● WHAT YOU WILL DO
Copy out the lines beginning with the one that contains "Ящик для инструмента" and ending with the last line below, exactly as they stand. Pictures are not copied.

BEGIN DATA TO PROCESS

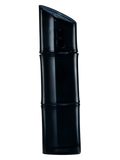 Kenzo Homme Eau de Parfum - Kenzo
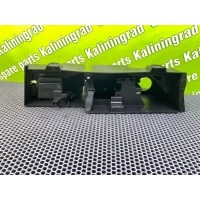 Ящик для инструмента Mercedes-Benz C-Class S204 2012 A2048990314, A2116950033, A2048982014, A20468000309F08, A20468002309F08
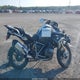 WB10M0307M6D71708 2021 BMW R 1250 Gs auction photo thumbnail 12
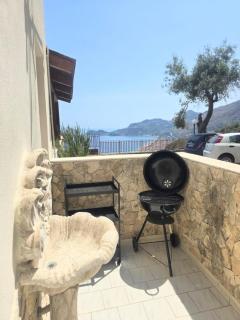 CASA VACANZE Bella - Letojanni - 0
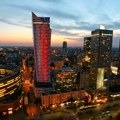 Najskuplji stan u Srbiji tokom 2025. godine plaćen 1,8 miliona evra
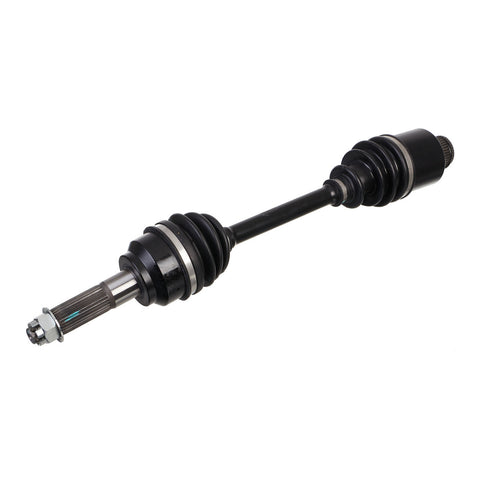 Whites CV Axle Shaft Polaris Rear Left-hand or Right-hand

END DATA TO PROCESS

● ANSWER TO THE PROBLEM
 Ящик для инструмента Mercedes-Benz C-Class S204 2012 A2048990314, A2116950033, A2048982014, A20468000309F08, A20468002309F08
 WB10M0307M6D71708 2021 BMW R 1250 Gs auction photo thumbnail 12
 CASA VACANZE Bella - Letojanni - 0
 Najskuplji stan u Srbiji tokom 2025. godine plaćen 1,8 miliona evra
 Whites CV Axle Shaft Polaris Rear Left-hand or Right-hand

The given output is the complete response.